TIMBo Spotlight: Guest Blog
I have been blessed with an incredible education.
I attended Yale University where I majored in Philosophy and learned how to think critically and argue wisely. Following this I attended Brown University for medical school where I was encouraged to pursue medical training with originality and creativity. I remained at Brown for a five-year residency combining Pediatrics with Adult and Child Psychiatry.
During this time, I became fascinated by the intrinsic strength of my patients and I was compelled to learn more about how individuals survive struggles and adversity. I was fascinated by the growing field of Post-Traumatic Stress Disorder (PTSD) and its offspring, the study of Resiliency. I was lucky enough to have the opportunity to spend a post-residency year in 1993-94 as a "Fellow in Trauma Studies" at Harvard, working with Dr. Bessel van der Kolk at Massachusetts General Hospital. We saw extremely challenging cases, people who had survived horrible experiences often involving the unspeakable cruelty of others.

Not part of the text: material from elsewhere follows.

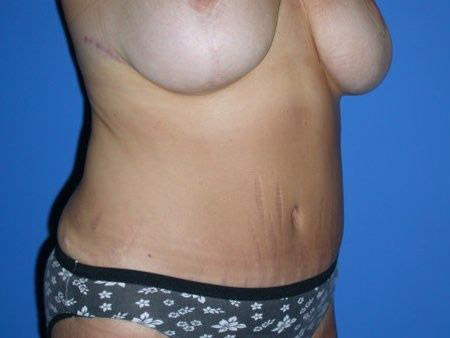 after abdominoplasty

At the time I was also facing my own struggles of a difficult pregnancy and, soon after, a new baby and stress in my marriage. I quickly realized that I needed to learn skills to navigate what came to be known as "compassion fatigue" and "vicarious traumatization." I realized that my profession also demanded "self-care" skills – and I took this seriously, especially now being divorced with two young children. I found a way to do yoga almost every day, and based on how it had helped me, I completed a yoga teacher training plus a professional training in Dialectical Behavioral Therapy to help me take these learnings to my patients.

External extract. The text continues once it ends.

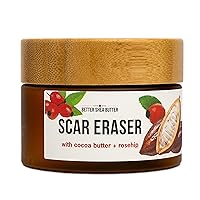 Vista 1 de Better Shea Butter - Mantequilla corporal para eliminar o reducir la apariencia de cicatrices, estrías, marcas de quemadura, cicatrices de acné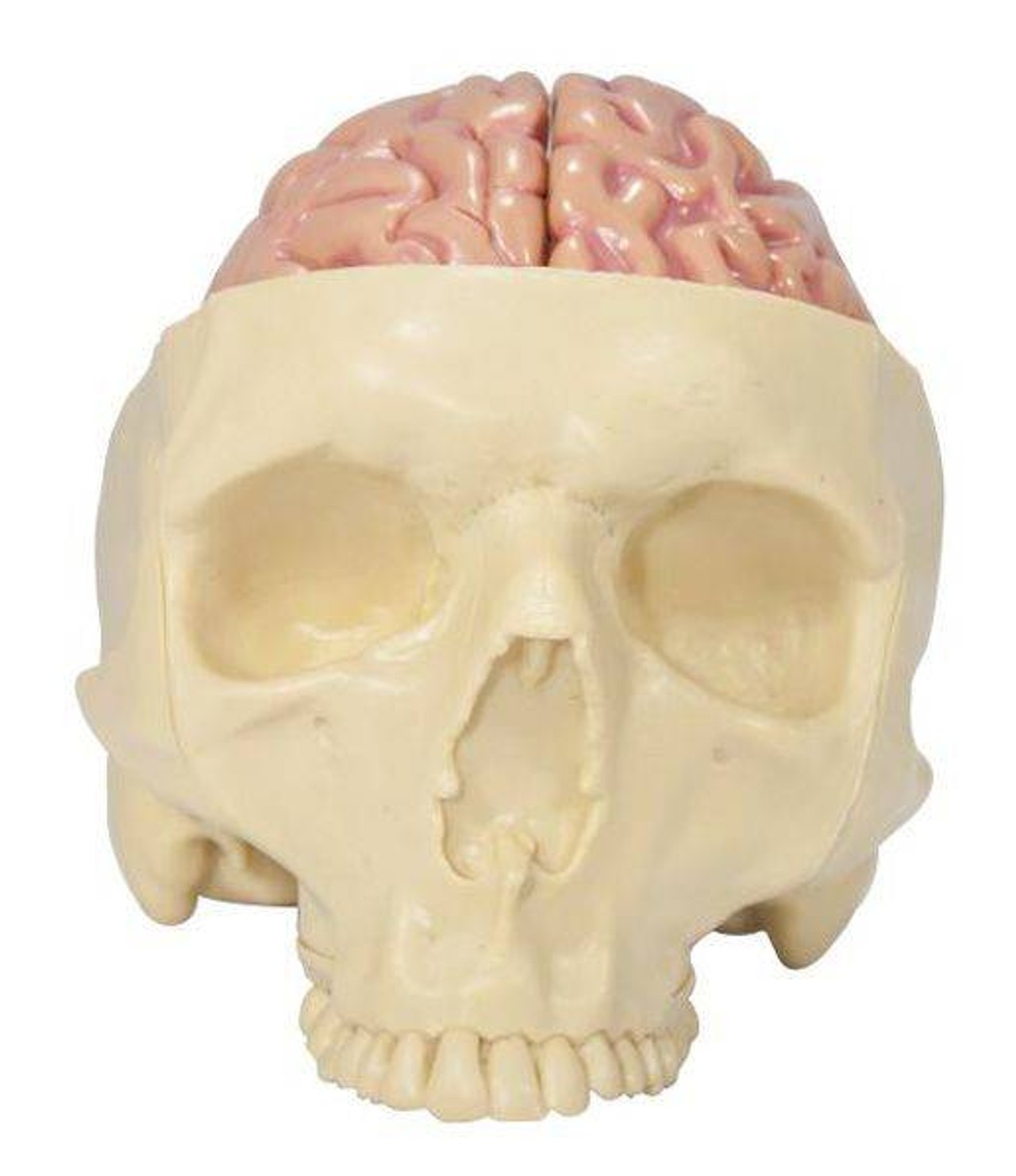 Diseased Brain In Skull Anatomy Model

I was actively developing my own techniques to augment the therapy that I was offering to my patients on the locked in-patient units where I spent my days working with trauma survivors, and patients of all ages struggling with despair and psychosis. Along the way, I met Sue Jones. I was trying to develop a program I could offer to women of all social backgrounds which intertwined cognitive techniques with meditation and yoga. I wanted it to be accessible to everyone, but I was struggling to find the best approach and to use the right voice. Sue suggested I might benefit from taking her four-day Foundations course in TIMBo (Trauma-responsive Innovation for Mind and Body). And she was right, I did benefit, and my life has never been the same.
Sue had the advantage of not being influenced by traditional medical training, a context in which I was so embedded in that I did not even realize it. She engaged with women from a fully embodied perspective, informed by her own experiences with trauma, and from years of listening to and processing with hundreds of other women, fine-tuning her approach in response to their feedback. No wonder it all made sense!

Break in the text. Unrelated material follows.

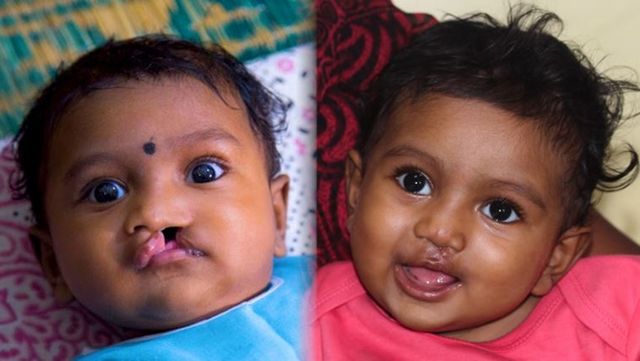 Baby Jaya before and after cleft surgery - World Smile Day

Despite my mindfulness practice, I realized that I had it all wrong. I had been attempting to create a polished product by reading books and synthesizing information. No, to address the roots of trauma, the approach needs to be embodied, experienced, seeded from the inside out. As a result of growing neuropsychiatric and medical empirical data and new societal awareness, there are many interventions for treating PTSD. Yes, medication and therapy have a role. But in my 25 years as an expert in the field of PTSD, what I have come to appreciate is that the most effective interventions are somatic-based; they begin and end with connecting to the body.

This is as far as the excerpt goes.